Carbon bill could mean closure – NZ Steel
NZ Steel has told MPS it may be forced to close with the loss of thousands of jobs if changes aren’t made to the Climate Change Response Bill, which is being considered by Parliament.
The proposed law change, commonly known as the ‘‘Zero Carbon Bill’’, aims to ensure ‘‘net zero’’ emissions for most greenhouse gases by 2050.
NZ Steel’s New Zealand holding company Tasman Steel reported a 40 per cent increase in its net profit to $74m in the year to June, despite a 2 per cent drop in sales to $880m.
But NZ Steel said in a submission to Parliament’s Environment select committee that by failing to adequately recognise the issue of ‘‘competitiveness’’, the legislation could kill the industry.
‘‘There is a very real prospect ... we may set up policy decisions that could result in the closure of steel-making in New Zealand,’’ it warned.
The company employs more than 1400 staff at its steel mill in Glenbrook and at Pacific Steel in Otahuhu in South Auckland, and estimated that it provided work indirectly for another 2500 people.
The Glenbrook mill consumes about 800,000 tonnes of coal to manufacture about 650,000 tonnes of steel each year, mostly for domestic use.
‘‘The Glenbrook community is built around the mill.

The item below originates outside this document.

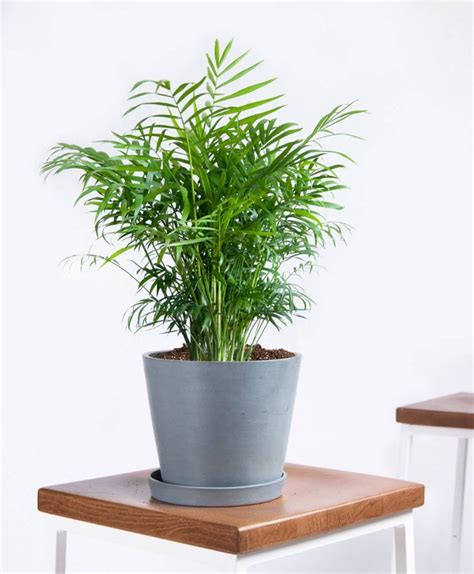 Buy Potted Parlor Palm Indoor Plant | Bloomscape | Indoor plants, Cool plants, Plants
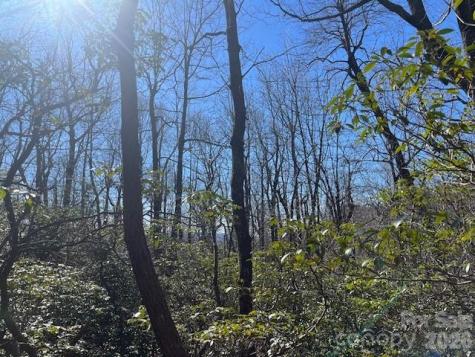 Lot 79 Arrowhead Trail Columbus NC 28722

It cannot be overstated what the closure will mean to our community,’’ NZ Steel said in its submission.
If the Glenbrook mill was to close, the significant capital cost of restarting production meant the likelihood of steel-making returning to New Zealand ‘‘would be close to zero’’, it added.
It is not the first time the Australian-owned company – a division of Melbourne-based Bluescope Steel – has threatened closure.
The company warned the Productivity Commission in 2017 that if its net carbon cost increased even marginally, ‘‘steel making in New Zealand would be imperilled’’.
NZ Steel also told the Electricity Authority in 2016 that proposed changes to electricity transmission pricing created a ‘‘material risk of a partial close down’’.
The company currently receives about 90 per cent of the carbon credits it needs for free from the Government, under an arrangement designed to assist highly emissions-intensive businesses that are exposed to world trade.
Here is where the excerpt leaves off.